The results below are the same (tps vs connections) plots as in [1],
and the test is identical to the insert test in this thread [2].
Additionally, in each case, there is a plot with results relative to
Andres Freund's patch [3]. Log plots are good for seeing details in
the range of 20-30 connections, but they somewhat hide the fact that
the effect in the range of 500+ connections is much more significant
overall, so I'd recommend looking at the linear plots as well.

The particular tests:

1. Whether CAS operation cost in comparison to the atomic-sub affects
performance.
The patch (see attached
atomic-sub-instead-of-CAS-for-shared-lockers-without.patch) uses
atomic-sub to change LWlock state variable for releasing a shared lock
that doesn't have a waiting queue.
The results are attached (see atomic-sub-inverted-queue-*.jpg)

2. Whether sending wake signals in inverted order affects performance.
In patch v2 the most recent shared lockers taken are woken up first
(but anyway they all get wake signals at the same wake pass).
The patch (see attached Invert-wakeup-queue-order.patch) inverts the
wake queue of lockers so the last lockers come first to wake.
The results are attached to the same plot as the previous test (see
atomic-sub-inverted-queue-*.jpg)

It seems that 1 and 2 don't have a visible effect on performance.

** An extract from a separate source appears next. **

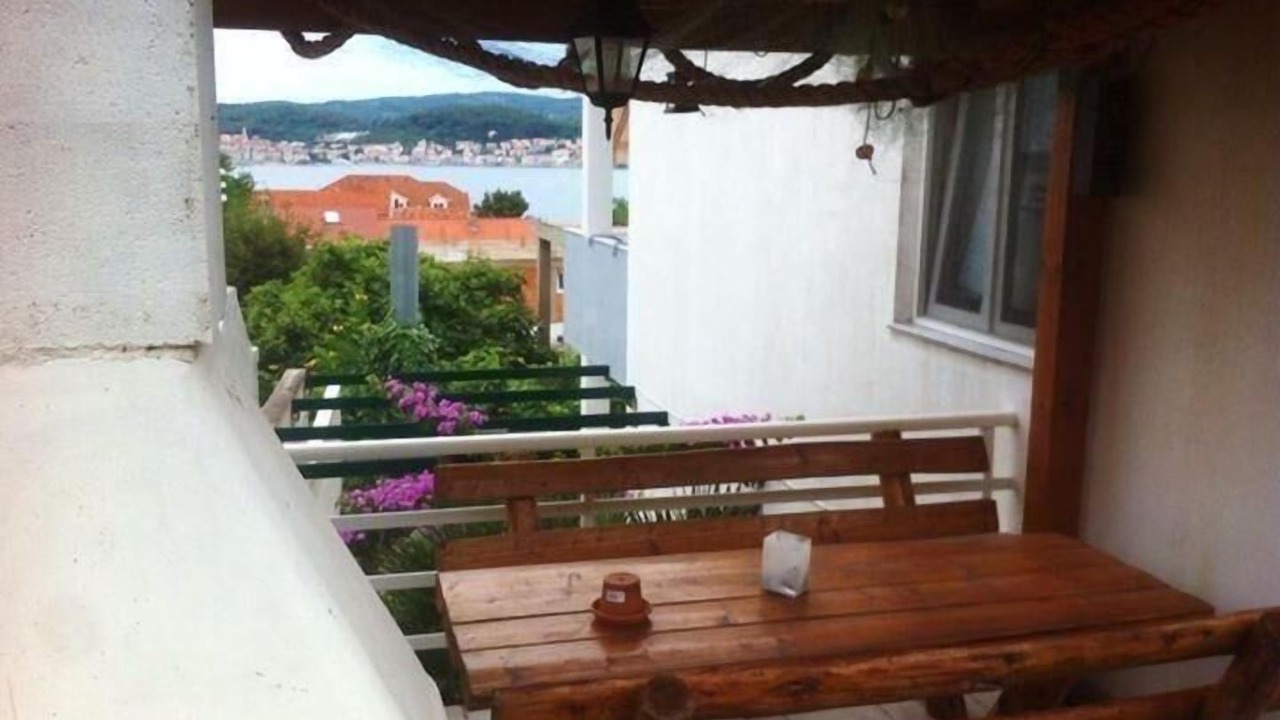 Photo of Outdoor in Kuciste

3. In the original master patch lock taking is tried twice separated
by the cheap spin delay before waiting on a more expensive semaphore.
This might explain why the proposed lockless queue patch [1] has a
little performance degradation around 20-30 connections. While we
don't need two-step lock-taking anymore I've tried to add it to see
whether it can improve performance. I've tried different initial
spinlock delays from 1 microsecond to 100 milliseconds and 1 or 2
retries (in case the lock is still busy in each case. (see the
attached: Extra-spin-waits-for-the-lock-to-be-freed-by-concurr.patch)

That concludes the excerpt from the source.